◆ **What you are asked to do**
Your copy of the data should match it exactly, leaving out only the pictures.

◆ **Brief descriptive captions**
::::::::

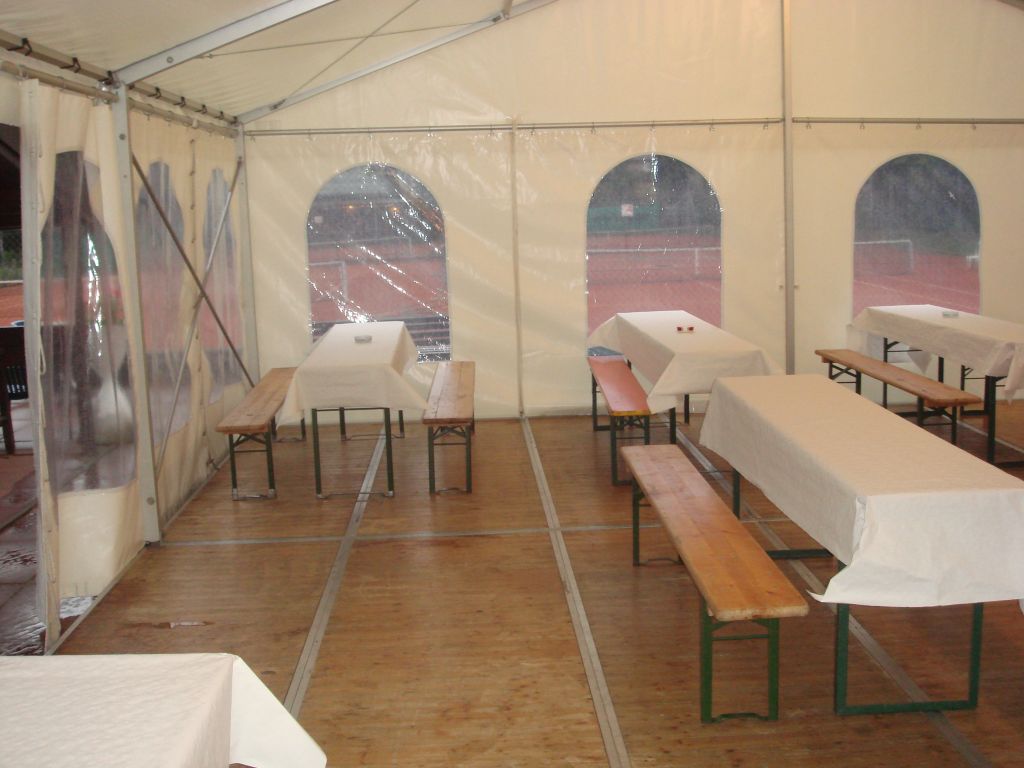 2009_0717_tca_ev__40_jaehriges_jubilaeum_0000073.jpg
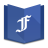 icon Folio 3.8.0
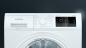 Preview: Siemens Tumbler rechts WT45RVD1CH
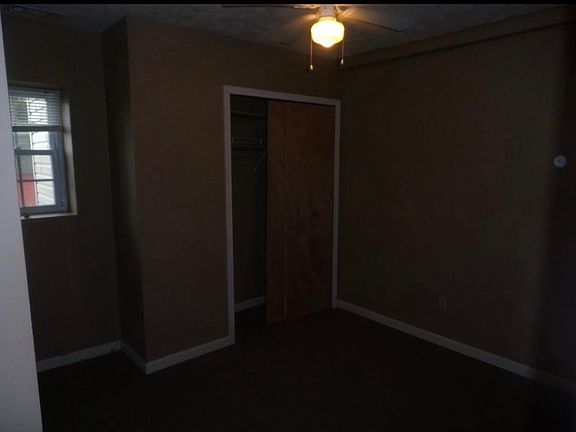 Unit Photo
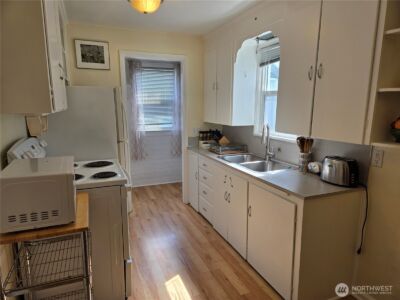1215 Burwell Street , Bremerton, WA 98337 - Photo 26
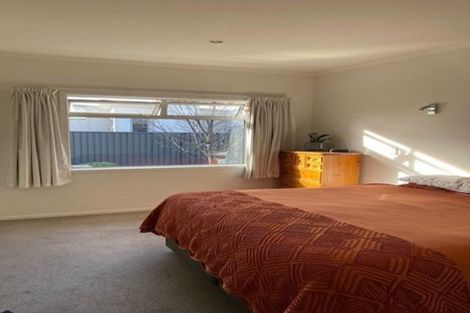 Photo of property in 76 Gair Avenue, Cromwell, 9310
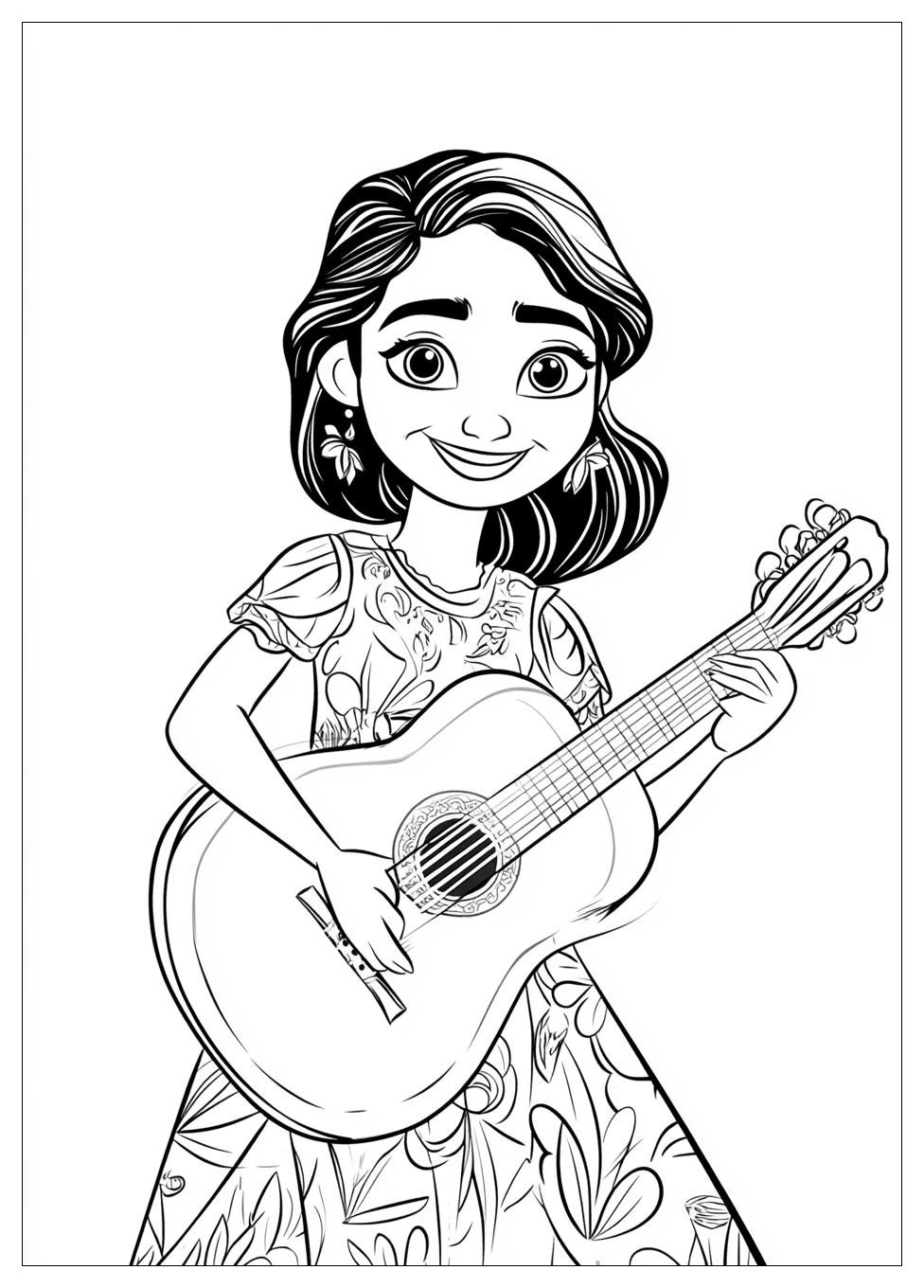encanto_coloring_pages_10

::::::::

◆ **Result of this task**
 2009_0717_tca_ev__40_jaehriges_jubilaeum_0000073.jpg
 icon Folio 3.8.0
 Preview: Siemens Tumbler rechts WT45RVD1CH
 Unit Photo
1215 Burwell Street , Bremerton, WA 98337 - Photo 26
 Photo of property in 76 Gair Avenue, Cromwell, 9310
encanto_coloring_pages_10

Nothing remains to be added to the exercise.